Exhibition Dates: October 6–October 27, 2018
Opening Reception: Saturday, Oct 6, from 6–9 pm, in conjunction with Art for Art’s Sake
Gallery Location: 434 Julia Street, New Orleans, LA 70130
Hours: Tuesday–Saturday, 10 am–5 pm
Contact Info: 504.522.1999; www.arthurrogergallery.com
The Arthur Roger Gallery is pleased to present Joseph Havel: Library an exhibition of sculptures and paintings by Joseph Havel. The exhibition will be on view at Arthur Roger@434, located at 434 Julia Street, from October 6–27, 2018. The gallery will host an opening reception, with the artist in attendance, Saturday, October 6 from 6–9 pm in conjunction with Art for Arts’ Sake.
The mixed media sculptures and drawings in this exhibition explore books as an image and idea. Books are vessels filled with the ideas of authors but through association, they fill with the reader’s memories, dreams, and speculation. Books form an architecture of accumulated knowledge which makes libraries cities of collected culture. Joseph Havel is interested in the physical and tangible presence of books as a representation of the less tangible realm of ideas. As we experience more of our mediated world digitally the physicality of books seems a resistance that asserts knowledge is concrete.
Joseph Havel is director of the Glassell School of Art at the Museum of Fine Arts Houston. In 2010, the Art League of Houston named Joseph Havel as “Texas Artist of the Year.” He was born in 1954 in Minneapolis and earned a Bachelor of Fine Arts at the University of Minnesota and a Master of Fine Arts at Penn State University. He has exhibited across the United States and abroad. His bronze sculpture “Exhaling Pearls,” from the collection of the Museum of Fine Arts Houston, was included in the 1995 exhibition “Twentieth Century American Sculpture at the White House.”

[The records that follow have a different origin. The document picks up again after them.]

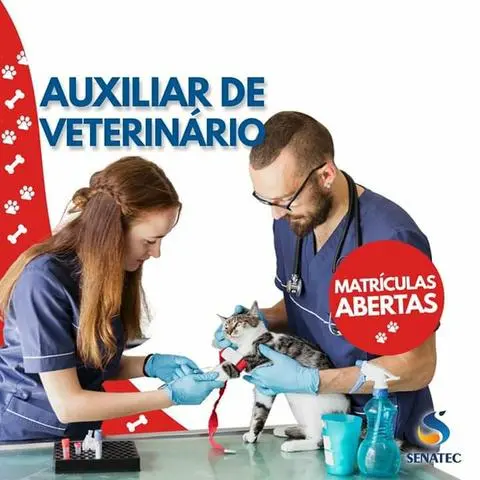 Auxiliar de veterinário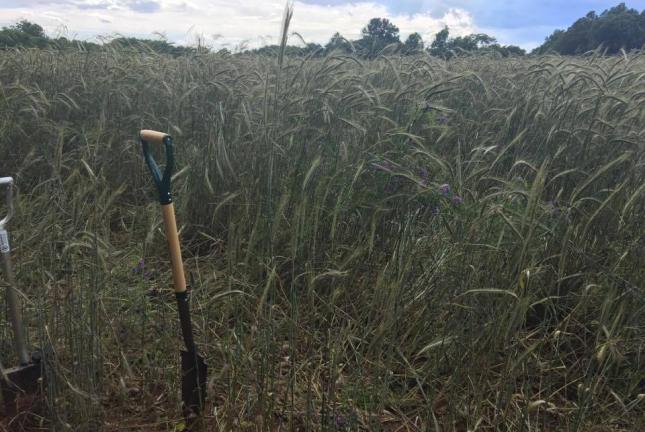 cover crop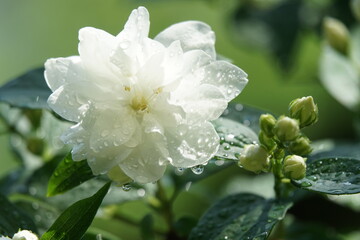 Jasmine after rain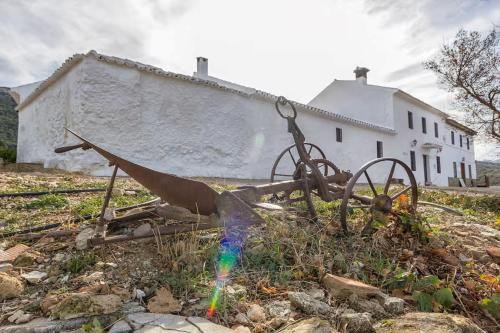 Cortijo Borreguero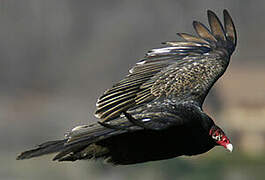 Turkey Vulture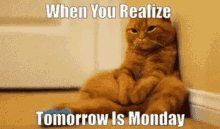 Monday Sad GIF - Monday Sad Tomorrowismonday GIFs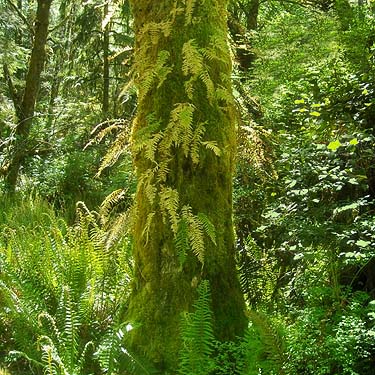 riparian bigleaf maple trunk with ferns, Rocky Creek Conservation Area, Key Peninsula, Pierce County, Washington
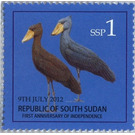 Shoebill (Balaeniceps rex) - East Africa / South Sudan 2012 - 1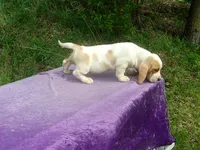 Waldo, a male Basset Hound for sale in Kansas City, MO – Photo 7 of 7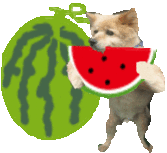 i1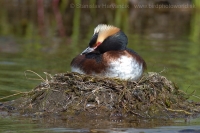 Potápka ušatá - Podiceps auritus - Slavonian (Horned) Grebe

Joseph Havel was selected to participate in the 2000 Whitney Biennial and the 2001 Phoenix Triennial. In 2006, the Museum of Fine Arts Houston hosted the exhibition “Joseph Havel: A Decade of Sculpture 1996-2006.” In addition to the Museum of Fine Arts Houston, Havel’s work is in the collections of the Whitney Museum of American Art, the Dallas Museum of Art and the Modern Art Museum of Fort Worth.